I also don't like bashing Jehovah's Witnesses. I love bashing the organization that rules over them, but not the everyday JW who's been told not to question the organization. I don't even care about their doctrine, just their management. I have no particular response to their belief system. Most of it seems based on faulty arithmetic and failed predictions, but I do both of those all the time. They believe what they want and that's everybody's right. I'm no longer interested in debating the particulars of the theology. I'm kind of exhausted with all theologies, to be frank.

Realizing that right to your own belief was the first thing that led me out of Jehovah's Witnesses, actually. What made them so different? What's so great about their exclusivity? Isn't the arrogance of certainty, at compassion's expense, exactly what all those New Testament writers were aligned against? Would you mind checking with those writers before you lay down your edicts? Their being dead for 2,000 years is no excuse.
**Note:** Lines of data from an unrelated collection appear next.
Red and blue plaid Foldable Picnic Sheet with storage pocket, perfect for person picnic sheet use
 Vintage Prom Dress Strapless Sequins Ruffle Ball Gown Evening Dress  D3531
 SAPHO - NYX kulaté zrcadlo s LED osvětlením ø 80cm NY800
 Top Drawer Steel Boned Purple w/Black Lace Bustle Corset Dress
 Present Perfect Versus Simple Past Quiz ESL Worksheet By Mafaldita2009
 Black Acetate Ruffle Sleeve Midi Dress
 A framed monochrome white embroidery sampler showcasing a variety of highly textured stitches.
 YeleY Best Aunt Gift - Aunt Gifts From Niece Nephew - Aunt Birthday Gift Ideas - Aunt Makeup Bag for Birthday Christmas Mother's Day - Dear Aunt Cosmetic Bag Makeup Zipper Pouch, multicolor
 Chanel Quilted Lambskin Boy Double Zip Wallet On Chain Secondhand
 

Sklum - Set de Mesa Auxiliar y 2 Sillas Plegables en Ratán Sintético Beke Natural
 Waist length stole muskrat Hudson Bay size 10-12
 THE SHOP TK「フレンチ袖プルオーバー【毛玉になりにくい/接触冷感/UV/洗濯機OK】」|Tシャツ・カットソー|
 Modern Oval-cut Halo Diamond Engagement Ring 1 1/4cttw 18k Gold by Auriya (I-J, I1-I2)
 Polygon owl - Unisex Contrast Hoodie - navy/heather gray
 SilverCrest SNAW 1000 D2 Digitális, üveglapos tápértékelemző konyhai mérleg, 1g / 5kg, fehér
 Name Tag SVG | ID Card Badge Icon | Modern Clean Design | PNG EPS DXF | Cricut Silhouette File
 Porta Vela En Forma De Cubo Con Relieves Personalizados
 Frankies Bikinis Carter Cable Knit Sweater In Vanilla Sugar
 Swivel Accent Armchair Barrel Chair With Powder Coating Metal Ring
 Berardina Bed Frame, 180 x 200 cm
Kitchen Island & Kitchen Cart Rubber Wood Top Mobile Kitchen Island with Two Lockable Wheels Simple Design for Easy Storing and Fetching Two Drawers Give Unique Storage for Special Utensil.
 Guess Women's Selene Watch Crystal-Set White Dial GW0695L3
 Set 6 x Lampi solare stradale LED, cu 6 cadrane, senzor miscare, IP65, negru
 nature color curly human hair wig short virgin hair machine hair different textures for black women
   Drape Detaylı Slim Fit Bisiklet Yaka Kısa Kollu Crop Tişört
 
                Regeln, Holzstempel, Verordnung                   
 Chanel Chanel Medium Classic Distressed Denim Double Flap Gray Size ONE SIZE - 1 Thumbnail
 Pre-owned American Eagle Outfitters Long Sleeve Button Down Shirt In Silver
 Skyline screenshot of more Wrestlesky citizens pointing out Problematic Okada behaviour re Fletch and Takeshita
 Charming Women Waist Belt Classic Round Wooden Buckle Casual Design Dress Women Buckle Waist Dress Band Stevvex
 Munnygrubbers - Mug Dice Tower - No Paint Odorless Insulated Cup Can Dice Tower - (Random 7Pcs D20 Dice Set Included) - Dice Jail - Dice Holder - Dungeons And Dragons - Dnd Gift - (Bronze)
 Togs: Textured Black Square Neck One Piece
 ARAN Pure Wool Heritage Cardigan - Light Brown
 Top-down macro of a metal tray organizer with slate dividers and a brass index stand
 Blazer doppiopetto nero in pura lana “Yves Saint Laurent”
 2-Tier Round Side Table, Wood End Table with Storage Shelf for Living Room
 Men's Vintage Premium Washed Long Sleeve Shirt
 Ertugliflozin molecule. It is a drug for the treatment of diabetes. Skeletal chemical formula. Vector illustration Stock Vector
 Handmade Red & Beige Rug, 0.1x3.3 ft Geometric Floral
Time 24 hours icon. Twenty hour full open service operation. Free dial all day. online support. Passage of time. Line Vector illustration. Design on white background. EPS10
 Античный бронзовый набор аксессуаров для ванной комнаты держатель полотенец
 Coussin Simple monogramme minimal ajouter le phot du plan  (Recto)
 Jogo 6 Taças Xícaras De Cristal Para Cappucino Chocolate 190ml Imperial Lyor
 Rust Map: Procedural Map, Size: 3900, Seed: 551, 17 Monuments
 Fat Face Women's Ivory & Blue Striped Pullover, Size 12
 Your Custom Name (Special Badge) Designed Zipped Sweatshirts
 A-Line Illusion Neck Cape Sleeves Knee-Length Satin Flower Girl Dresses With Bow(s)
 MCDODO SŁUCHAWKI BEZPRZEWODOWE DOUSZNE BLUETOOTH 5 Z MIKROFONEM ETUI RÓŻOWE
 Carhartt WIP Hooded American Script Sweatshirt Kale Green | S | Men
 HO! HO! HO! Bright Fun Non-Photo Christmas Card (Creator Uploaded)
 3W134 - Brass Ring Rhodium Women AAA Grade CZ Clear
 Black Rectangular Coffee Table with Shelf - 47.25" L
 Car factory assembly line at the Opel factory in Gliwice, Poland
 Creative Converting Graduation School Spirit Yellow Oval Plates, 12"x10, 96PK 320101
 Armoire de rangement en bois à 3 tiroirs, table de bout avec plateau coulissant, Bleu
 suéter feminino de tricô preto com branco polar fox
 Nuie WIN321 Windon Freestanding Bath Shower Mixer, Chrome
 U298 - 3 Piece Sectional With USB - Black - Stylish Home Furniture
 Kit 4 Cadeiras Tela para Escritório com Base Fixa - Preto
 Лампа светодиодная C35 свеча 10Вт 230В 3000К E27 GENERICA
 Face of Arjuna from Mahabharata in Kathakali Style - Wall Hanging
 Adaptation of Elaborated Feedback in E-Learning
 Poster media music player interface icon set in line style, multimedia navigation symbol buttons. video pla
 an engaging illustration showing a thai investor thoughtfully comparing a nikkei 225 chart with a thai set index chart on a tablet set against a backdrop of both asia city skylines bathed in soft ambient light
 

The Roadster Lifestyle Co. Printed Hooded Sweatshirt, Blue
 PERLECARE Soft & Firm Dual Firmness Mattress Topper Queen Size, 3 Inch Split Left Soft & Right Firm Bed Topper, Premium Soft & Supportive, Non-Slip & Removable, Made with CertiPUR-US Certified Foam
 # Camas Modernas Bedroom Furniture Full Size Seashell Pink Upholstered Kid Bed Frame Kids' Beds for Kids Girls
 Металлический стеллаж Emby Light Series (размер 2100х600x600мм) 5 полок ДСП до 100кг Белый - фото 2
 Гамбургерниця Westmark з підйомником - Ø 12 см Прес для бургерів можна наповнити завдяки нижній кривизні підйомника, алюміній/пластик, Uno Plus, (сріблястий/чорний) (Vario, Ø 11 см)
It's just a logistical challenge.

I don't care what you believe as long as you don't call for the destruction or degradation of someone who's not you. "Mentally diseased" is the closest The Watchtower has ever come to that kind of statement, and it's revealing. It indicates things are not going well internally. They're playing with house money. Skepticism is up. You can now Google things. Armageddeon's not a marketable product anymore -- at least not the Judeo-Christian kind, we outsourced it to the Mayans. And, well, there's this other scandal that sort of came up a few years ago, which couldn't have helped.

But am I shocked? Not really. The Watchtower Society's been heading toward this sweeping, disparaging, even more dictatorial way for awhile. It certainly doesn't mean ex-JW's like myself are mentally diseased whatsoever. Which is a shame, 'cause I was looking forward to the disability checks from the state.

Comments

CarrieBee said…
Damn...I WAS thinking about quiting my job to collect disability. My disease is in it's last stages...I've had it with the WT Society!